Com as mãos para trás, ele balançava seu corpo algumas vezes para que eu fizesse algo, ao invés de apenas provocá-lo para vê-lo naquele estado. Seu mastro levemente rosado estava duro e úmido e quase fraquejei ao pensar em soltá-lo para que ele me conduzisse também, mas eu dava as ordens ali. Somente eu.


Deslizei o dildo até o final, ficando de quatro sobre a cama e engatinhei até ele para provar um pouco de seu corpo. Abocanhei a glande, deslizando a boca por toda extensão de seu falo e vi ele pender a cabeça para trás. Deslizei os lábios de volta para a glande e a contornei com a língua, dando mais uma chupada. Aquilo estava muito bom.


Voltei a abocanhar, tirando o dildo de minha intimidade e levei até a sua, ouvindo mais gemidos. Suguei, chupei, lambi. Tudo para que aquela noite fosse marcante não só para mim, mas para ele também. O deitei sobre a cama, vendo-o apertar os olhos por causa das marcas em suas costas e abri suas pernas para que continuasse o que tinha começado.


Ao vê-lo arqueando seu corpo a cada estocada e ver seu corpo definido marcado por mim do jeito que eu gostava, um desejo profundo de me entregar foi mais forte do que tudo. Deslizei o acessório até o final e me ajeitei sobre ele, sentando em cima de seu mastro.


Comecei a cavalgar sobre ele, me apoiando em seu peito liso e joguei minha cabeça para trás com aquela sensação única de prazer da qual eu não queria que acabasse. Me inclinei algumas vezes para retirar a mordaça e beijá-lo e o senti retribuindo a cada vez até chegar ao meu primeiro ápice. Sai de cima dele, me virando de costas e me encaixei para que eu pudesse manusear o dildo.


Algum tempo depois, após sentir toda exaustão de nossos corpos molhados de suor, finalmente chegamos a um orgasmo juntos.

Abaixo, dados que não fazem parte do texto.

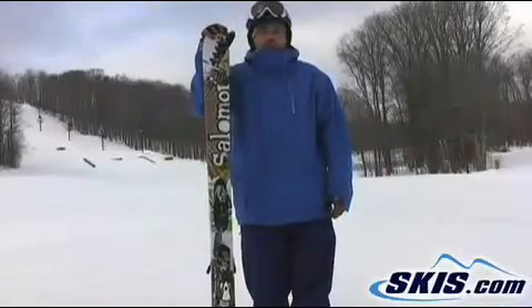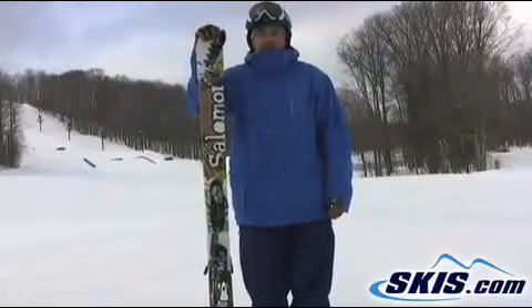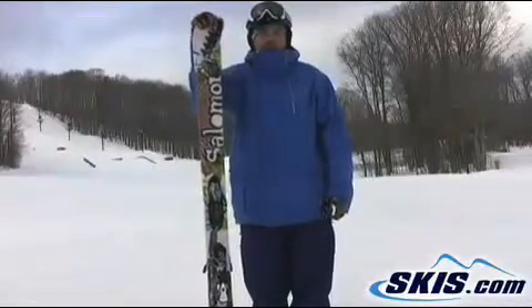Hey, this is Tom. I'm here with the Salomon Shogun. It's their freestyle version of a wider ski. Real stable, easy to put up on the edge. Give this 4 out of 5.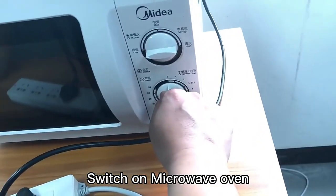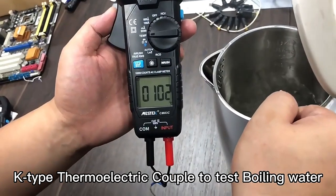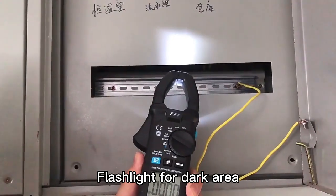Switch on the microwave oven. Use a K-Type clamp meter or cable to test boiling water. There is also a flashlight for dark areas.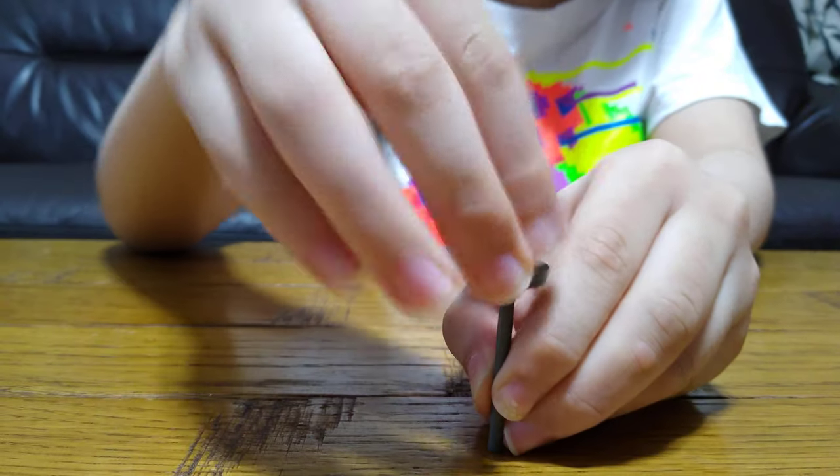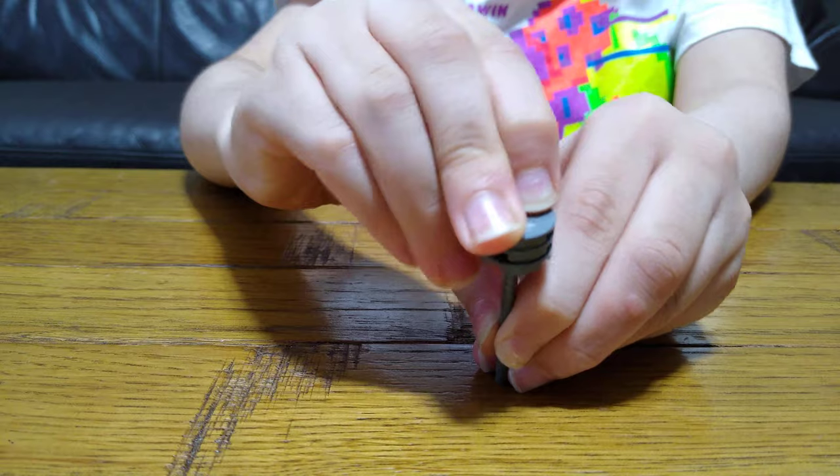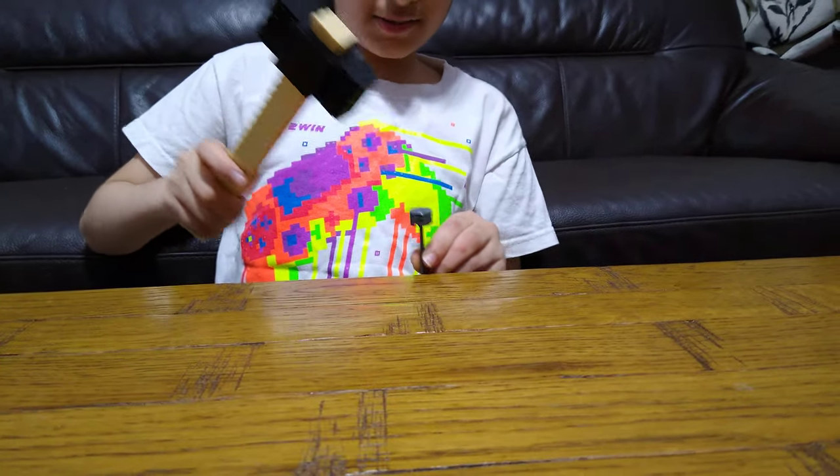Hey guys, today I'm showing you how to make a Lego nail. First we're just going to get this, put this on like that. It's going to be a short video, so let's do a mini clip. I'm going to nudge something into it.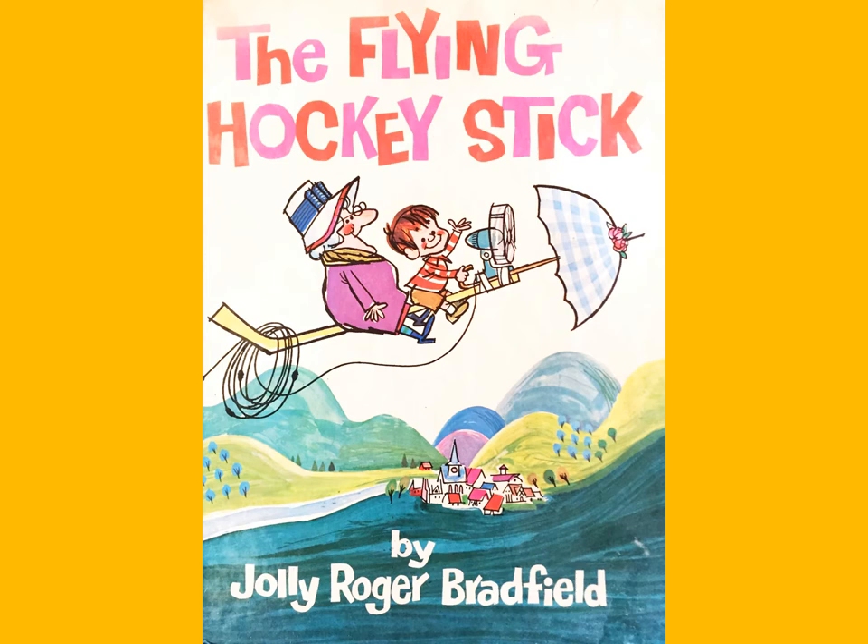The Flying Hockey Stick by Jolly Roger Bradfield. Be sure to watch till the very end of the story because I have some questions for you.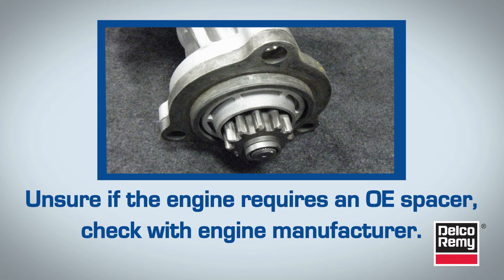Finally, if you're unsure if the engine requires an OE spacer, or if it's damaged or lost, we recommend you contact the engine manufacturer for details.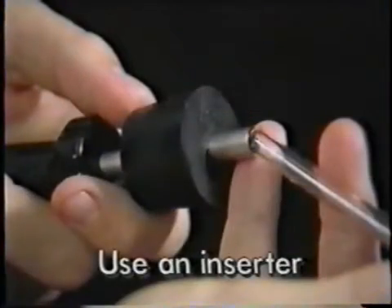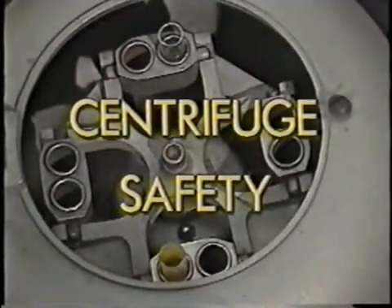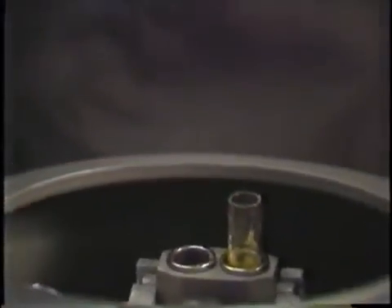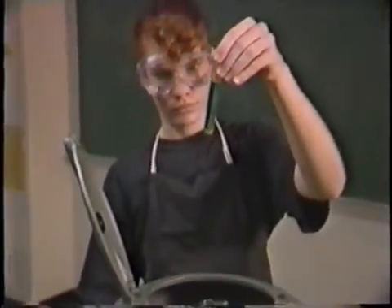Use an inserter to place glass tubing in a stopper or remove it, or lubricate the tubing and protect your hands with leather gloves. A centrifuge spins mixtures in test tubes to separate solids from liquids — the solids move out toward the bottom of the tubes and the liquid stays on top.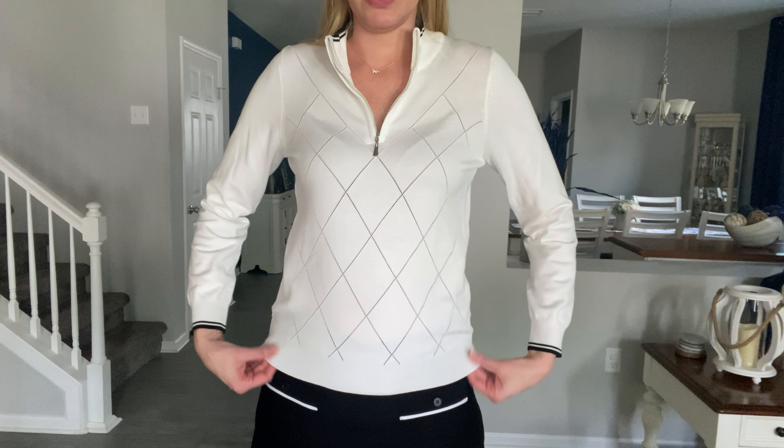Or just be cute whatever you're doing. There are a lot of different options with this top, and it definitely fits true to size.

Olhei para ele ofegante, vendo seu rosto ainda mais avermelhado pelo esforço e me afastei, sentindo o líquido escorrer pelas minhas pernas devagar. Retirei o acessório de sua entrada e o libertei das algemas para que eu pudesse deitar ao seu lado. Fiquei alguns instantes apenas ouvindo sua respiração até cobrar um pouco de minhas energias e voltar para minha casa.


Senti seus dedos em meus fios de cabelo e olhei para ele, sentindo sua boca na minha. Retribui o beijo calmamente até me levantar da cama para me vestir.


Assim que coloquei a capa por cima, olhei para ele, vendo-o se cobrir com o lençol e olhar para mim de volta com o braço estendido.


— Fique.


Confesso que fiquei tentada a ceder seu pedido, mas não pude. Dei alguns passos até a porta e saí dali sem me despedir com um único pensamento em minha cabeça: Ele era meu escravo e eu sua mestra... Absoluta.